2017 Stradivarius and organ at the Black Church

Stradivarius at the Black Church: Bach with Valeriy Sokolov

Black Church | Tuesday | 13 Jun 2017 | 6:00 pm

Around 5:40 pm the Black Church is already full, there are people who still want tickets, but… the tickets sold out long ago. There is a good reason to want to get in. The air is filled with the sensation that we are going to get #vibrationsworthsharing again.

The concert opens with the phenomenal Steffen Schlandt and sets a special, unique Pulse, that only the huge organ from the Black Church could generate: it seems that the discussion is carried in terms of hope, height, maybe even a kind of rise over the urban noise.

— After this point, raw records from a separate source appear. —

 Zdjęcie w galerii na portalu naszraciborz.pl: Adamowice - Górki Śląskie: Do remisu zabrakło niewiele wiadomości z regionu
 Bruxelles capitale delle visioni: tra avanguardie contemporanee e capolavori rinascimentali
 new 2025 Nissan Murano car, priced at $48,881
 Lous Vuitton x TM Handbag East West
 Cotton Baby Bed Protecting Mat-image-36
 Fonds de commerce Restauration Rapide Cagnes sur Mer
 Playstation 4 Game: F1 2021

It is Bach, it is full, heavy classical music, which can hardly be comprised as it romps, plays, runs.

In this context, at some point it seems that time is a joke, because the organ stops it, or, better yet, stills it. It is impossible to ignore a feeling of general astonishment. The only reactions are those of the church – the wood revolts, sometimes squeaks under certain movements in the audience. Then, a child who claps when he wants to.

But the organ is sovereign and seems to tell a story perfectly synchronized with the history that emerges – the tones gain gravitas, and the music deepens, reminds us of calamity, struggle, faith and unity in the face of time and other adversities… It pulses in each of us whether we were ready for it or not.

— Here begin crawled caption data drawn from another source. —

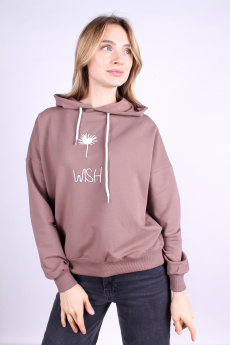 Женский свитшот 1019 фото Женский свитшот К9.0663 купить в Одессе по оптовым ценам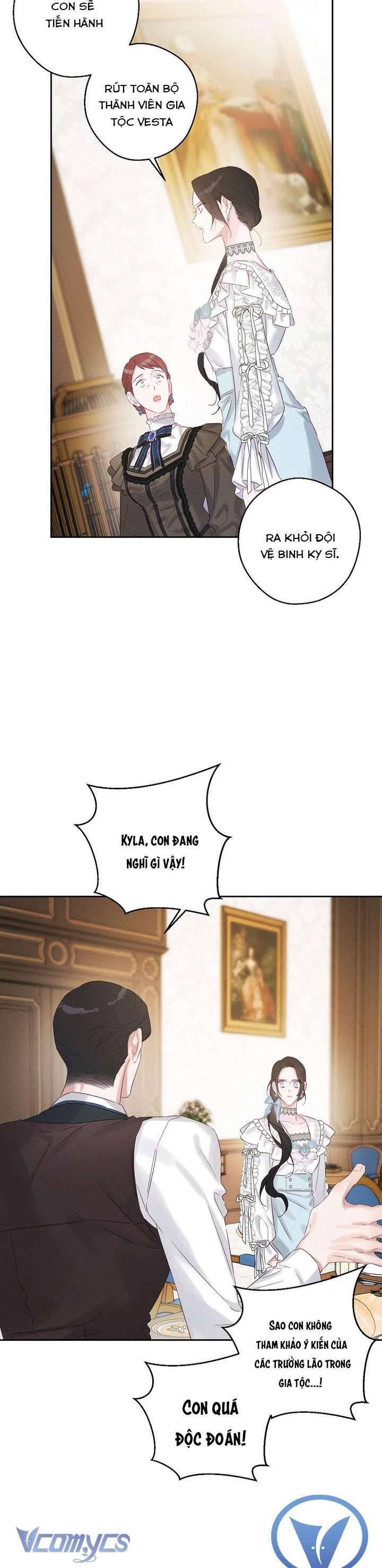 Tôi Phải Giấu Em Trai Trước Đã Chap 71 - Next Chap 72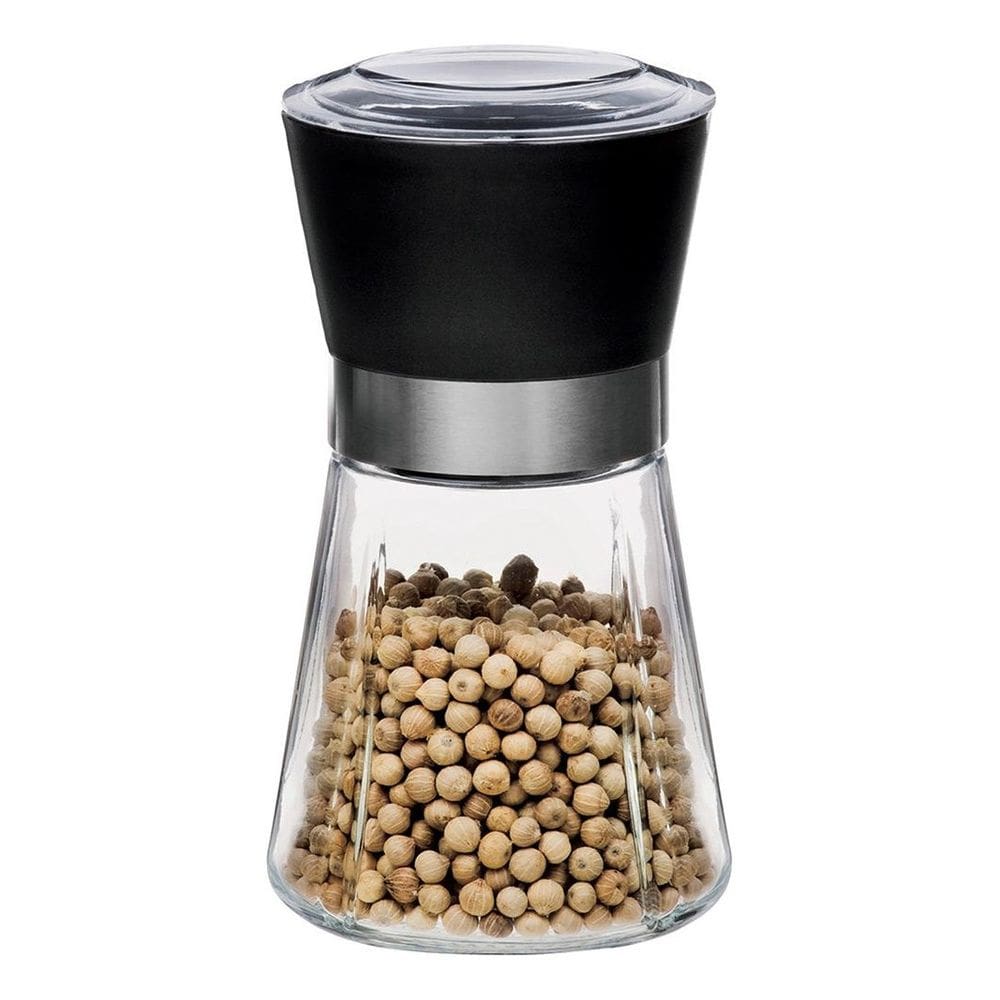 Moedor de Pimenta Preto - Euro Home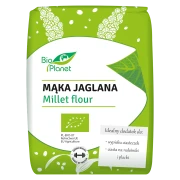 MĄKA JAGLANA BIO 1 kg - BIO PLANET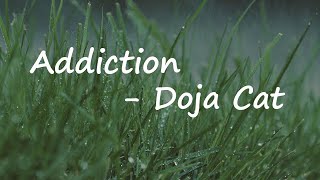 Doja Cat – Addiction Lyrics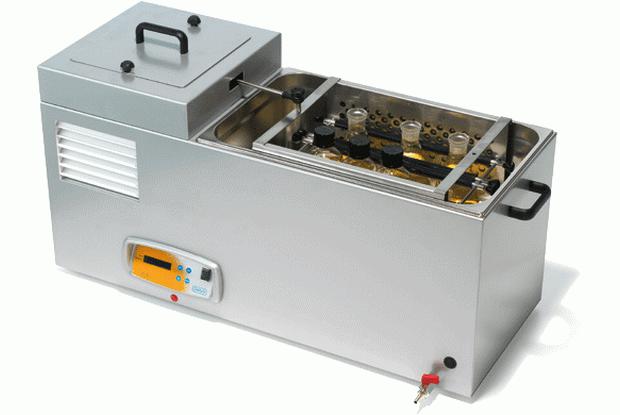 恒温循环震荡水浴 可制冷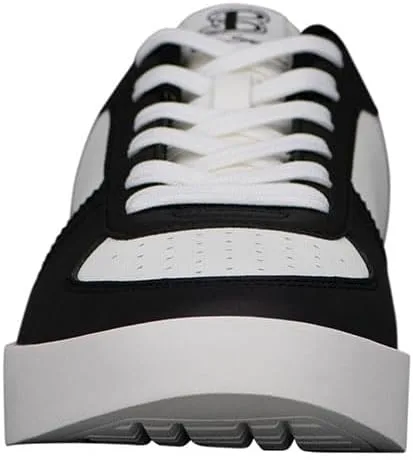 

Кроссовки Ben Sherman Mens Richmond, белый/черный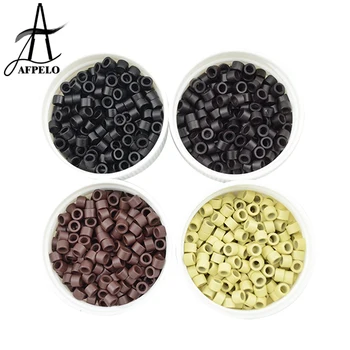 Wholesale Micro Rings/beads/links Without Screw For I Tip Human Hair Extension Hair Extension Tool 3.5*2.0*2.0mm
Wholesale Micro Rings/beads/links Without Screw For I Tip Human Hair Extension Hair Extension Tool 3.5*2.0*2.0mm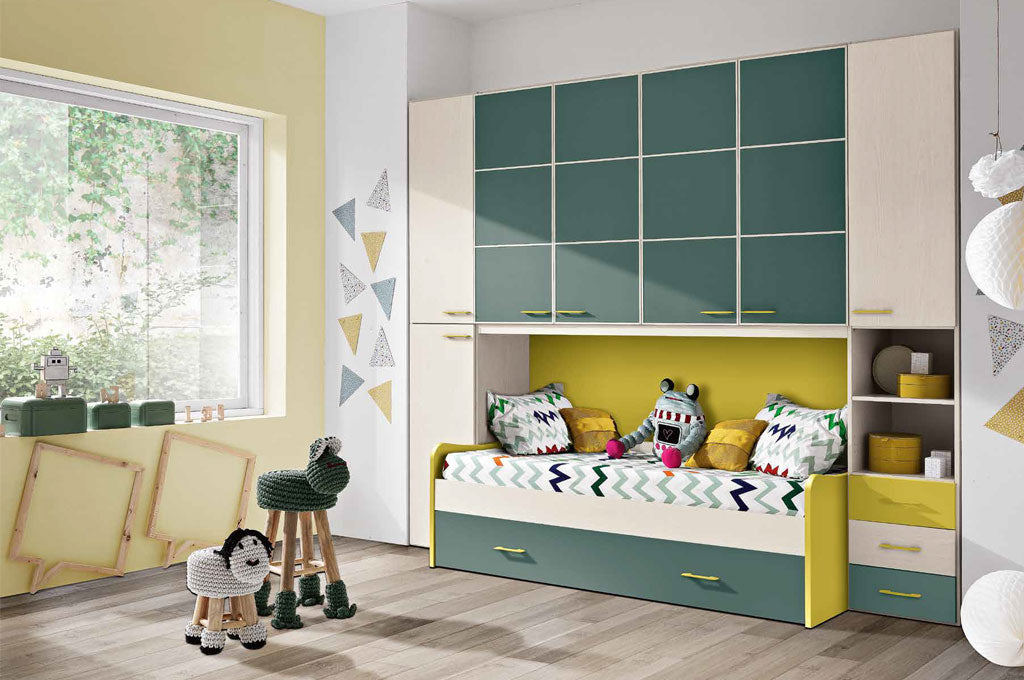 Cameretta Green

Then the register changes, after it turned us towards ourselves and plunged us into the past, it seems to want to tell another story – now we can unleash, express our joy, vivacity, creativity and playfulness. Now we can be happy because we are protected by the already created energy.

Bach seems to encourage us to have strength, the strength of being in the world, together, after it made us reflect upon ourselves, separately.

The applauses sound so nice!

Sokolov ‘s Stradivarius carries you away. A huge mental space seems to unfold instantly, then a continuous back and forth that seems to have a destination but it doesn’t define it but searches for it more and more intensely. Something in the violin’s Pulse is unearthly, and Sokolov has an incredible capacity to cover his instrument. If you didn’t know it was a violin solo, you could think there are a few separate instruments … it’s magic!

What could the subject be, you wonder, other than the intense and continuous adventure of the spirit trapped in restlessness, suspense, limit, always running between question and answer. What kind of moods must one compose to develop such music, to interpret it, to find its keys?

The states change quickly and again, as if on a staff, hope, vivacity, risk, play, joy show up.

How contemporary is Bach! How modern the rhythm, how it transpires fear, madness, regret, the mistake that engages the conscience… if one read the souls by notes there would probably be some Bach in each of us. It’s even more intriguing if we think that both then and now we are almost the same…

The music is played as a philosophy about the incredible human being, about the absurd day-to-day, about possibilities, about time, rhythm, sound… Pulse – an ongoing search for sense, support, coherent movement. An impossibility to keep, to hold a plurality of speeds and the amazing performance of the musical virtuosity of Valeriy Sokolov and the guardian Steffen Schlandt.

Next, a symbolic turn to the altar, where the gathering, the duet, the mix awaits. Stradivarius and organ.

Almost naturally, the instruments intensify each other, they refine each other’s edges and all of a sudden we are enveloped in gentleness, understanding, we harmonize our opposites… but not for long as we get back to sadness, maybe obsolescence… but in a couple, I think we can talk, musically, of course, about love.

While I write about this concert, Brașov is taken by a short hailstorm.